From: Ralph Corderoy <ralph@inputplus.co.uk>
To: tuhs@tuhs.org
Subject: Re: [TUHS] Bell Labs data center in 1969/70
Date: Sun, 17 Mar 2019 18:52:28 +0000 [thread overview]
Message-ID: <20190317185228.06007214EF@orac.inputplus.co.uk> (raw)
In-Reply-To: <837973bfe43d298115dd0429f0aa514a07499fd7@webmail.yaccman.com>
Hi Steve,
> For a long time, California was viewed as hostile to phone companies,
> or at least AT&T, and I remember clearly people saying that Bell Labs
> would never have a location in CA as a result.

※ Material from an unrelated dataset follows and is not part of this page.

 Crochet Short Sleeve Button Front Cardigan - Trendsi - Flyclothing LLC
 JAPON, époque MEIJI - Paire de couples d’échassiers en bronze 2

Here's what Larry Luckham told me in a private email that he's since
said could be copied to the list.
Larry wrote:
> Of the thousands of web pages that I have posted the one of the Bell
> Labs photos is the one that generates a dozen queries a year. Had no
> idea that would be the case when I posted it. The photos are also the
> most ripped off and reposted of anything I've ever done. But, to your
> points.
>
> The facility I set up in Oakland was temporary and for a specific
> experiment that ran for roughly 4 years. You may recall that
> beginning in the mid 60's the Bell System was experiencing a huge and
> unpredicted demand for 411, information operator services. The lead
> time to provide the trunking and other facilities for 411 operations
> was something like 25 years. The public facing response was the "$55
> million dollar phone call" ad campaign intended to point customers
> back to printed directories. The inward facing response was to figure
> out a way to handle each request for service faster so that the
> existing trunking and other facilities could meet the growing demand.
>
> At that time information operators relied on printed directories much
> the same as the customer's printed directory, except that theirs were
> loose leaf, reprinted monthly, and supplemented with a yellow daily
> addendum. They were also printed in a larger format to make reading
> easier. A division of the Labs called Business Information Systems
> Corp. out of the Raritan River Center was tasked with the project and
> given a very short timeline. A computer database and electronic
> display terminals driven by a very powerful search engine was the
> result. Special operator terminals were designed and built by Western
> Electric. The search engine was contracted out to Computer Corp. of
> America (CCA) which had been founded by some guys from Minsky's AI lab
> at MIT. Then the idea was to try it out in a live environment.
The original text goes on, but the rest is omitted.